What you have to do: Going from the line that contains "Germany, Bavaria, Tegernsee" through the last line of the records, set down each line again exactly, both included, with pictures left out.
══════
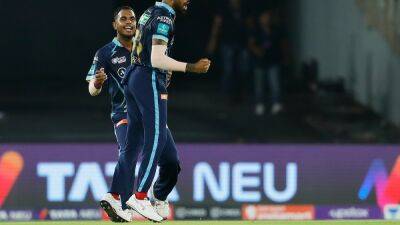 Twitter Blows Up After Hardik Pandya's Bowling Heroics In IPL Final vs Rajasthan Royals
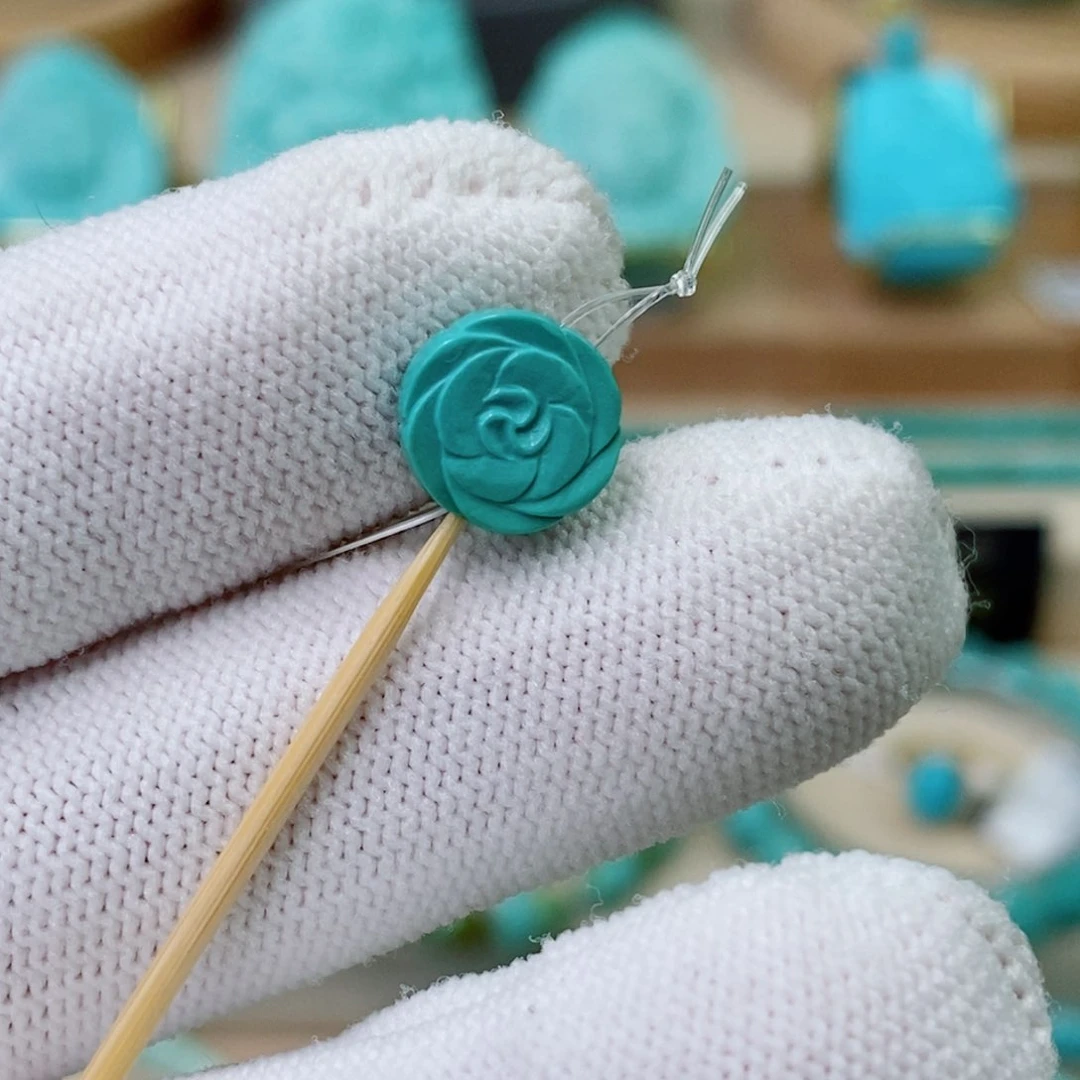 未镶嵌绿松石珠宝奇石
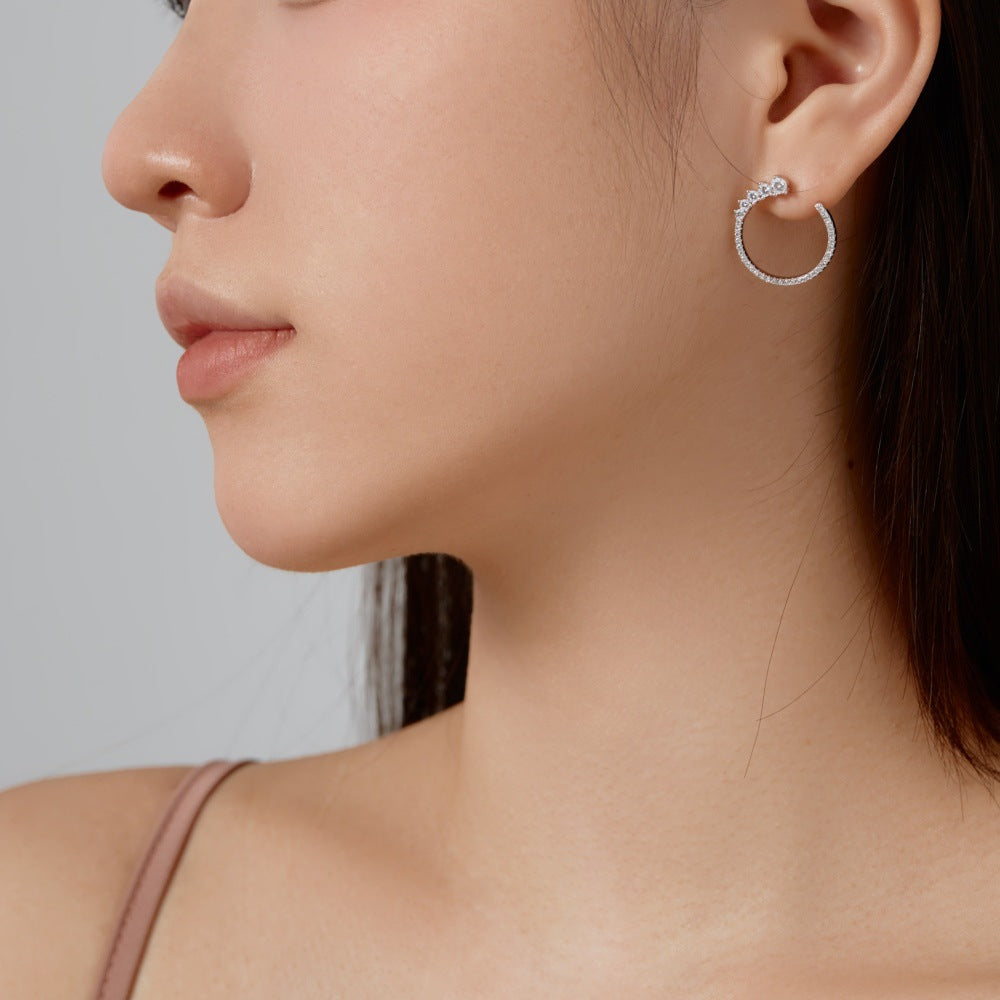 Pendientes de circonitas micropavimentadas con diseño de aro de moda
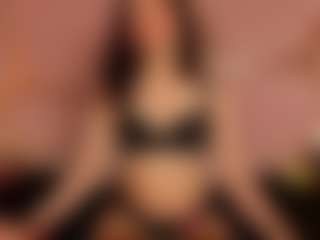 Live cam show with AntonelaBlaze - Fuck on Hubzter Live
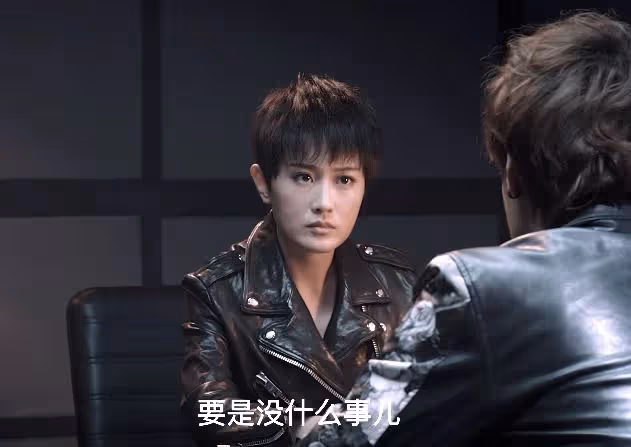 好傢夥,《白夜追兇2》開播就差評一片,觀眾的差評理由出奇一致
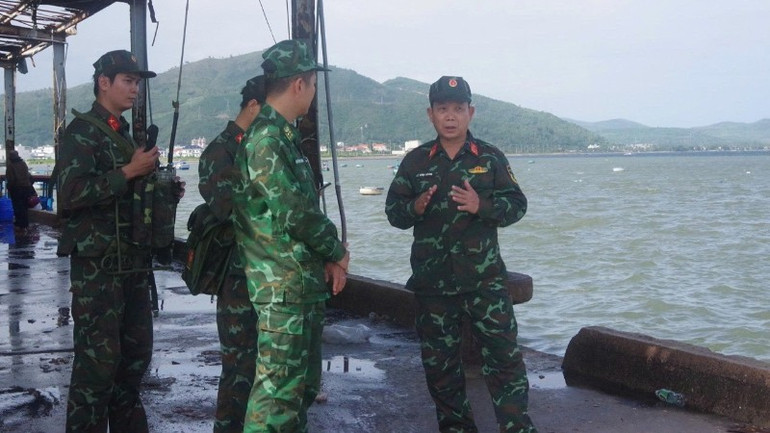Đại tá Lê Văn Hùng, Phó Chỉ huy trưởng kiêm Tham mưu trưởng Bộ Chỉ huy quân sự tỉnh Đắk Lắk (người đứng ngoài cùng bên phải) triển khai nhiệm vụ cho lực lượng nắm chắc diễn biến của bão số 13. img-0609-9837.jpg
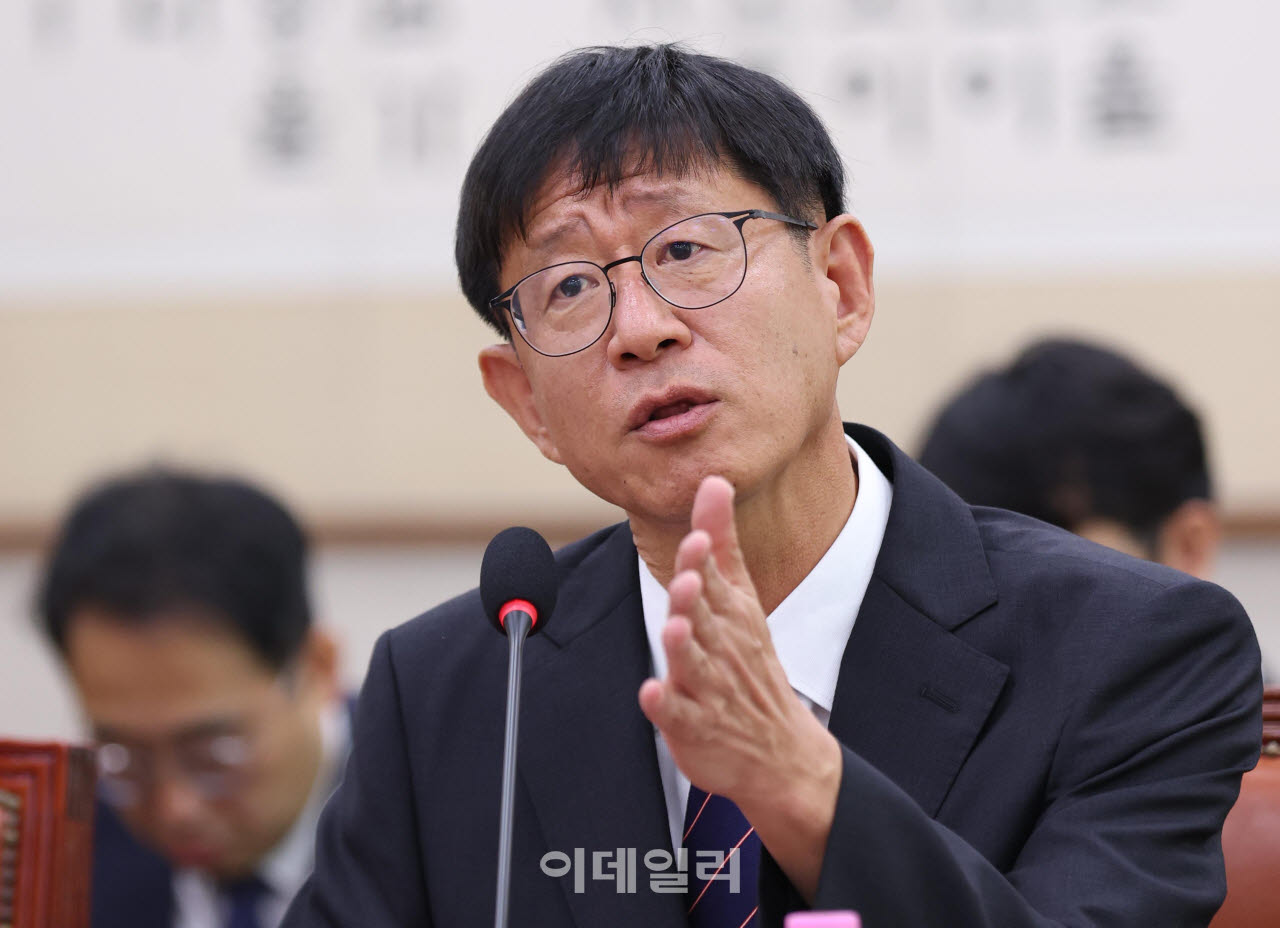 최길수 특별감찰관 후보자가 18일 서울 여의도 국회 법제사법위원회에서 열린 인사청문회에서 질의에 답변하고 있다. (사진=노진환 기자)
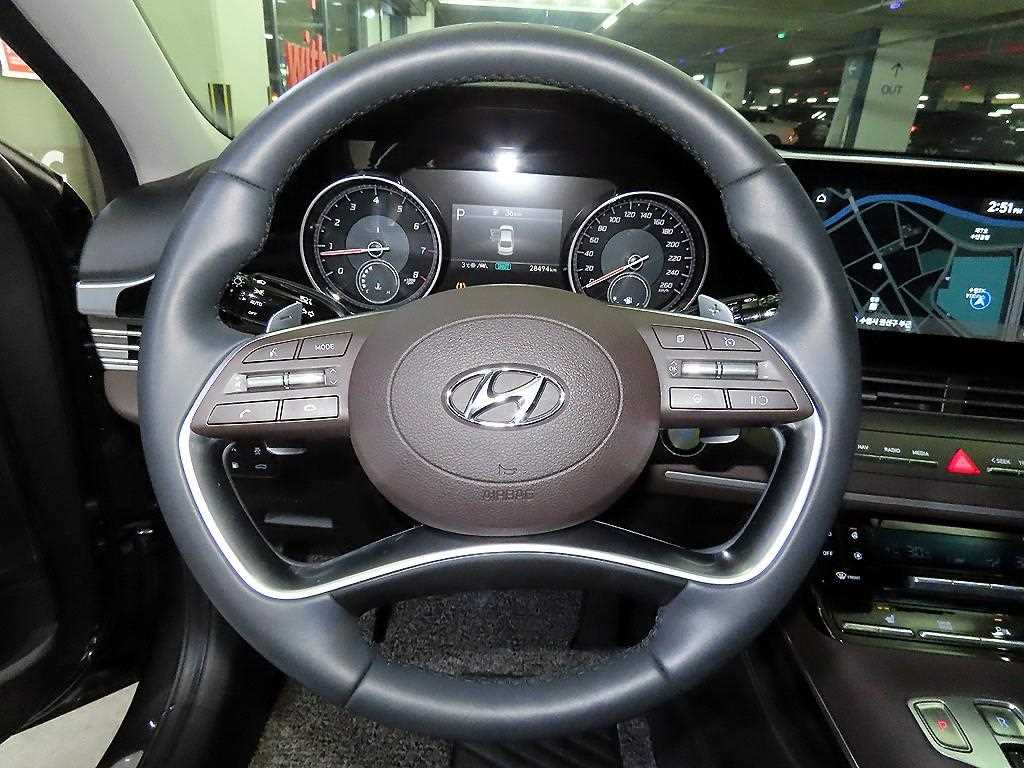 HYUNDAI Grandeur - Vista 8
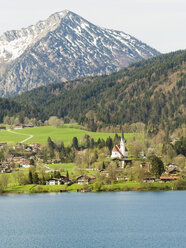 Germany, Bavaria, Tegernsee and mountains - KMF00666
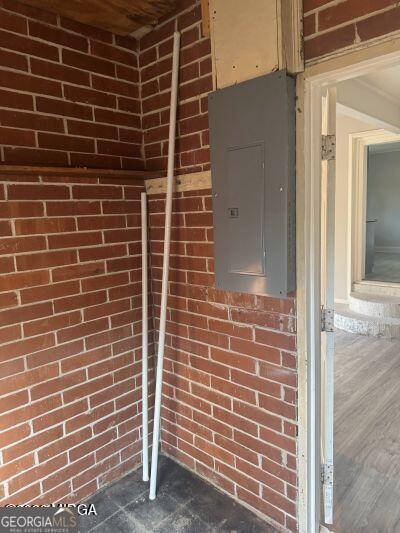 708 Richmond Street Property Photo 27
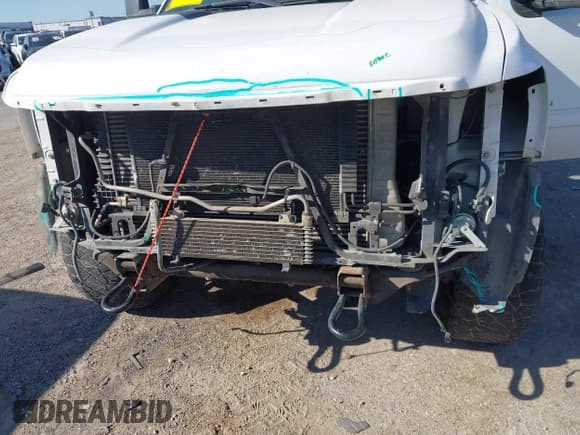 ✅ 2014 Chevrolet Silverado 2500HD LT • VIN: 1GC1KXC86EF183076 • Lot: 43624761. Listed on IAAI with 198,785 mi. Free auction sales archive from the USA and detailed vehicle history report at DreamBid. Image 6.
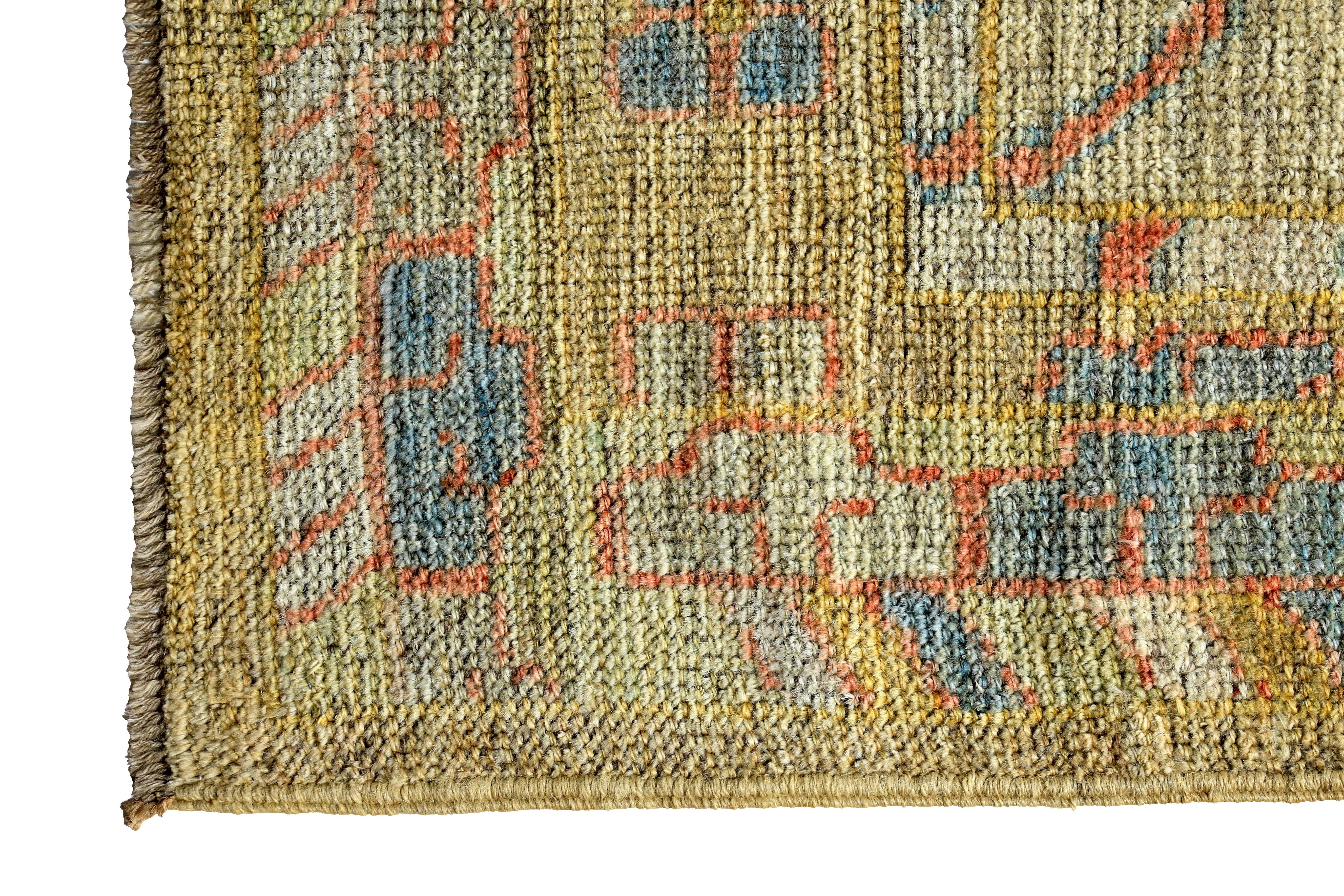 Türkischer Oushak-Läufer mit blauen und orangefarbenen Blumenmuster auf braunem Feld im Zustand „Hervorragend“ im Angebot in Dallas, TX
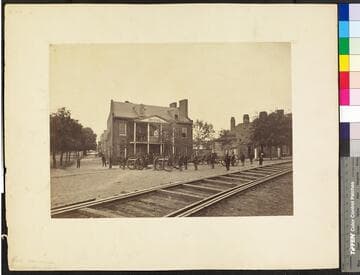 Guns commanding First and Long Bridge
══════
Exercise result:
 Germany, Bavaria, Tegernsee and mountains - KMF00666
 708 Richmond Street Property Photo 27
 ✅ 2014 Chevrolet Silverado 2500HD LT • VIN: 1GC1KXC86EF183076 • Lot: 43624761. Listed on IAAI with 198,785 mi. Free auction sales archive from the USA and detailed vehicle history report at DreamBid. Image 6.
 Türkischer Oushak-Läufer mit blauen und orangefarbenen Blumenmuster auf braunem Feld im Zustand „Hervorragend“ im Angebot in Dallas, TX
 Guns commanding First and Long Bridge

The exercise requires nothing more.